We also found that we were able not only to assist as mere spectators at such past scenes as I have described (and they were endless), but also to identify ourselves occasionally with the actors, and cease for the moment to be Mary Seraskier and Peter Ibbetson. Notably was this the case with Gatienne. We could each be Gatienne for a space (though never both of us together), and when we resumed our own personality again we carried back with it a portion of hers, never to be lost again—a strange phenomenon, if the reader will but think of it, and constituting the germ of a comparative personal immortality on earth.

At my work in prison, even, I could distinctly remember having been Gatienne; so that for the time being, Gatienne, a provincial French woman who lived a hundred years ago, was contentedly undergoing penal servitude in an English jail during the latter half of the nineteenth century.

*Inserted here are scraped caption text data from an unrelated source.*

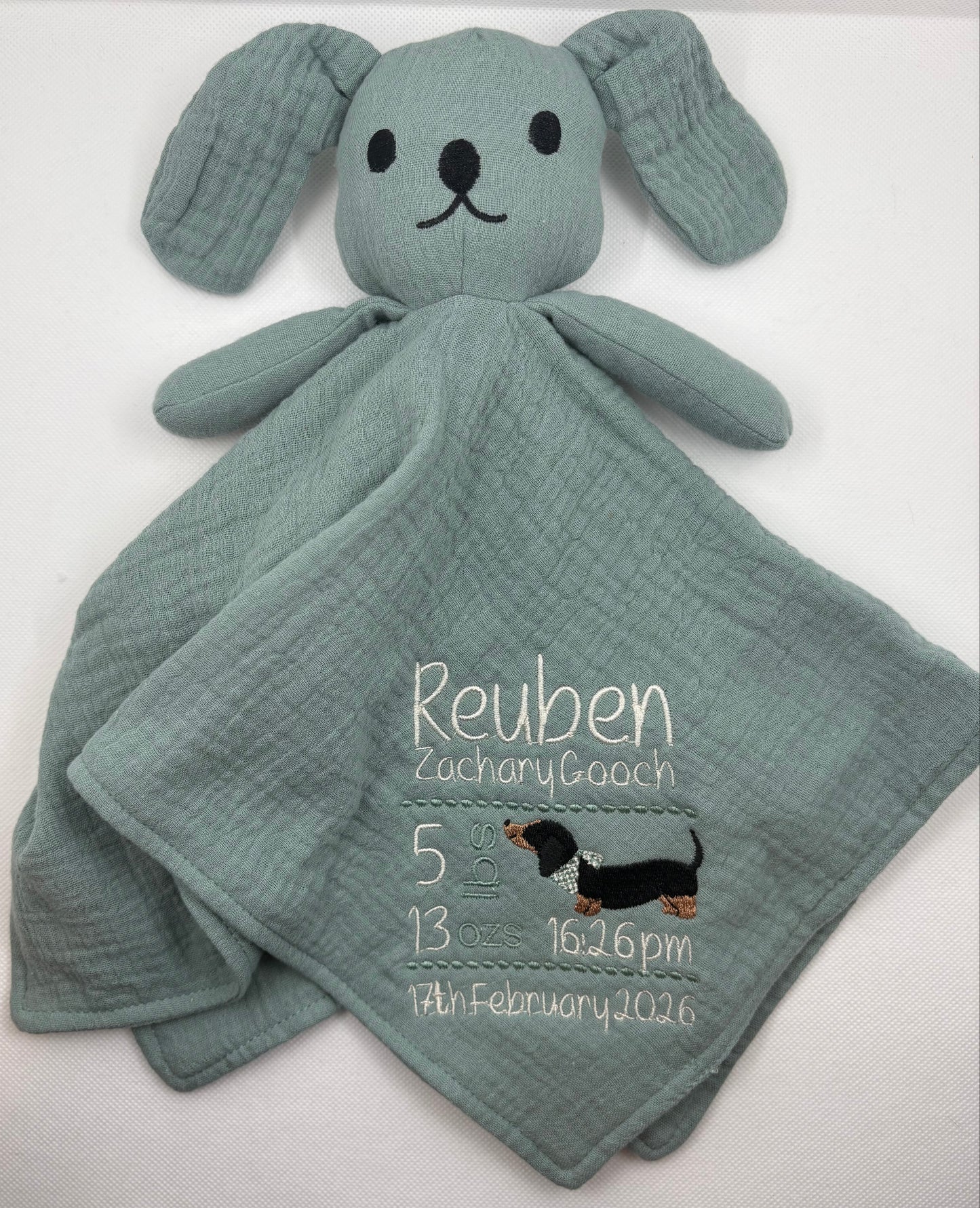 Puppy muslin comforter
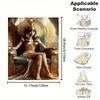 Egyptian Queen Print Flannel Throw Blanket Reversible Easy Care Home Office Travel Gift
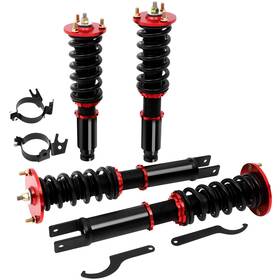 Primerideparts Pmd065586 Coilovers Struts Suspension Lowering Kit For 1990-1997 Honda Accord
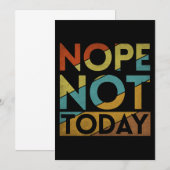 NOPE HEUTE EINLADUNG (Vorne/Hinten)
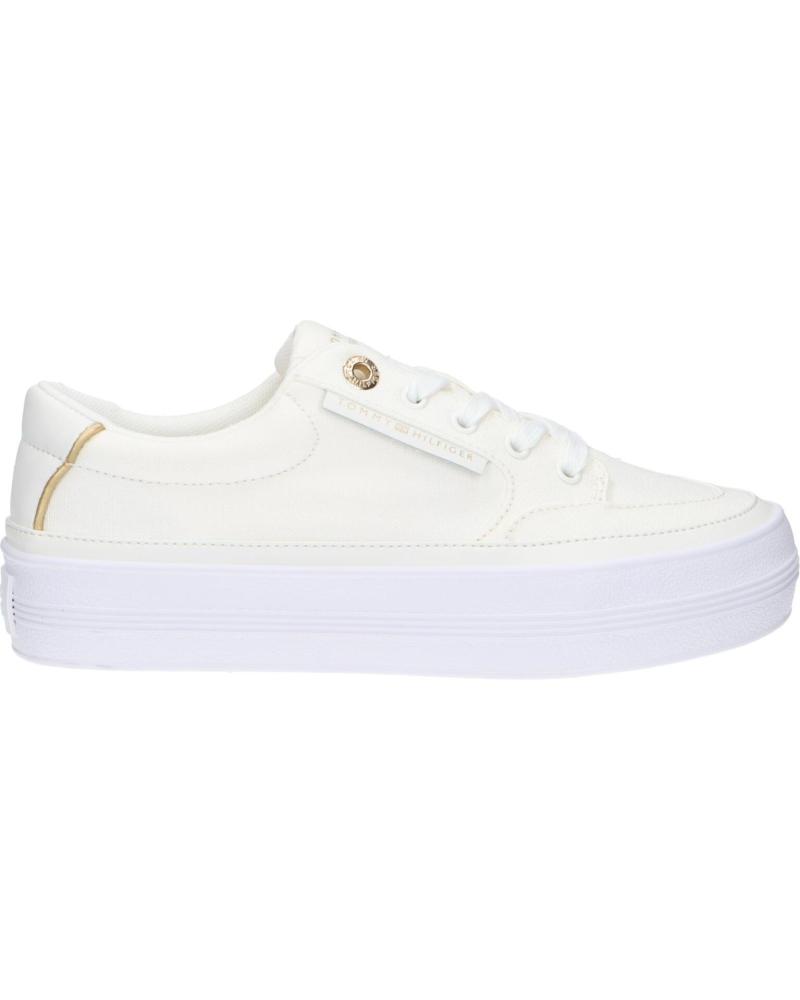 Sportivo per Donna TOMMY HILFIGER FW0FW08323 ESSENTIAL VULC TEXTILE SNEAKER YBL ECRU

A questionable privilege, perhaps.

But to make up for it, when she was not alive in me she could be brought to life in Mary (only in one at a time, it seemed), and travel by rail and steamer, and know the uses of gas and electricity, and read the telegrams of "our special correspondents" in the Times, and taste her nineteenth century under more favorable conditions.

Thus we took la belle Verrière by turns, and she saw and heard things she little dreamed of a hundred years ago. Besides, she was made to share in the glories of "Magna sed Apta."

And the better we knew her the more we loved her; she was a very nice person to descend from, and Mary and I were well agreed that we could not have chosen a better great-great-grandmother, and wondered what each of our seven others was like, for we had fifteen of these between us, and as many great-great-grandfathers.

Thirty great-great-grandfathers and great-great-grandmothers had made us what we were; it was no good fighting against them and the millions at their backs.

Which of them all, strong, but gentle and shy, and hating the very sight of blood, yet saw scarlet when he was roused, and thirsted for the blood of his foe?

Which of them all, passionate and tender, but proud, high-minded, and chaste, and with the world at her feet, was yet ready to "throw her cap over the windmills," and give up all for love, deeming the world well lost?